The flock of swirling vultures that had already located the hunting party in expectation of the usual human messes went out of luck just for today. They will be back, they thought.

But all in all, everybody in the bush was happy to see these humans not so human or inhumans shaped like humans go, especially the lions, rhinos and giraffes who (they are who!) get their asses blasted (Video 1) to please a colony of anti-biospheric bastards.


                                Video 1. Africa´s trophy hunting shame.


But before the ass cleaning act, the whole thing was called off by Milk. 

It was too dangerous to be hunting in the African savannah nowadays since they could be eaten (secret cannibalism is rampant in well-off humans) or shot by other hunters who look like hunters and act like hunters but are hunting for other stuff which is disguised as hunting stuff but is part of another stuff: Stuffed contraband stuff.

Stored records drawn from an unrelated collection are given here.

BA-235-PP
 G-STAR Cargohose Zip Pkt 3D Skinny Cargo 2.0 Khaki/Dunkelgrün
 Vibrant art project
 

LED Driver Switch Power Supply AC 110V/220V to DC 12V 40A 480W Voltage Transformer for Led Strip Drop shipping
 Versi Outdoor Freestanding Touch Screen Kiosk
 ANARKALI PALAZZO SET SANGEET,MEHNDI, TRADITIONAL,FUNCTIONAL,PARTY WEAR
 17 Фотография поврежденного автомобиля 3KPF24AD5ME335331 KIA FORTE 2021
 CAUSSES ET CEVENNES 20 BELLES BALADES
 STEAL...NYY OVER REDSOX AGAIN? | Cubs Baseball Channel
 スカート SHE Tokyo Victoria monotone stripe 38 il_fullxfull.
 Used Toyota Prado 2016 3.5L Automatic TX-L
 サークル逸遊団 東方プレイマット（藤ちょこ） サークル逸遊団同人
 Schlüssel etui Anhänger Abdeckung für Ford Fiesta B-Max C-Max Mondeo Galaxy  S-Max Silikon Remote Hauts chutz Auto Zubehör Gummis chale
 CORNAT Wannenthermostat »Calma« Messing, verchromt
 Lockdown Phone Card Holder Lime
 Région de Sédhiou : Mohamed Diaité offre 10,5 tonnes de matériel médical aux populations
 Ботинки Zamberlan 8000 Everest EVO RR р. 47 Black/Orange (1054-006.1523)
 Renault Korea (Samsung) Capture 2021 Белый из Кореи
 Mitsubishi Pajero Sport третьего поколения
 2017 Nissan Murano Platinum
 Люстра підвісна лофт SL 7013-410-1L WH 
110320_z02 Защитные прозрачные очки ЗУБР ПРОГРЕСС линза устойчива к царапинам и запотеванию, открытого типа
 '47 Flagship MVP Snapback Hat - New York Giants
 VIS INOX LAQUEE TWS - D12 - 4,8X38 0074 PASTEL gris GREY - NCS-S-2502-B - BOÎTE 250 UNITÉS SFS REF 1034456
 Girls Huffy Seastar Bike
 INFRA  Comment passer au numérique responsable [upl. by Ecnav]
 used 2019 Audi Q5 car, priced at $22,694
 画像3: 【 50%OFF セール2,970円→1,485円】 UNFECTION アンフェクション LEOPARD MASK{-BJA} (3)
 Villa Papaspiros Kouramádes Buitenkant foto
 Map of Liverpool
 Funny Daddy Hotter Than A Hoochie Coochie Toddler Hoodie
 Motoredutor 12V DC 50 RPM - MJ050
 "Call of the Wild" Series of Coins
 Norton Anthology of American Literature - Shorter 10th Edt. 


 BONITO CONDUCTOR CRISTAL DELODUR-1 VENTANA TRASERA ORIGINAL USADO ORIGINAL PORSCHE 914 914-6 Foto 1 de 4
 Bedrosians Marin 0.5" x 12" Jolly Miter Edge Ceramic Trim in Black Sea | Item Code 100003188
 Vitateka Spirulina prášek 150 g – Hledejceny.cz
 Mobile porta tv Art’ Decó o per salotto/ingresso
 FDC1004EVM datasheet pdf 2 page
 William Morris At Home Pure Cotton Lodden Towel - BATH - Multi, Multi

One single example of stuffed contraband stuff should be enough: The South Africa-Viet Nam Rhino Horn Nexus.

The sophisticated comforts of the airplane soothed Milk´s ego pain. He was restless and pissed off. The thought of not being able to shoot when he wanted to shoot was driving him more insane.

So as soon as he got home, he organised a party to warm up his smokeless gun (Video 2), a secret gathering with his friends who were also suffering from the same problem: Impotence of their extraterrestrial guns.


                            Video 2. Inside look at freemason illuminati performance. 



Insect deep conversation

A couple of flies on a acacia leaf were having a deeply meaninful conversation about life as a whole. 

The older and more experienced fly said to the younger and naive one: 

  • These blood thirsty humans may be good at constructing gadgets, reshaping and destroying our world to make money but when it comes to the correct maintenance of the Biosphere they are complete assholes.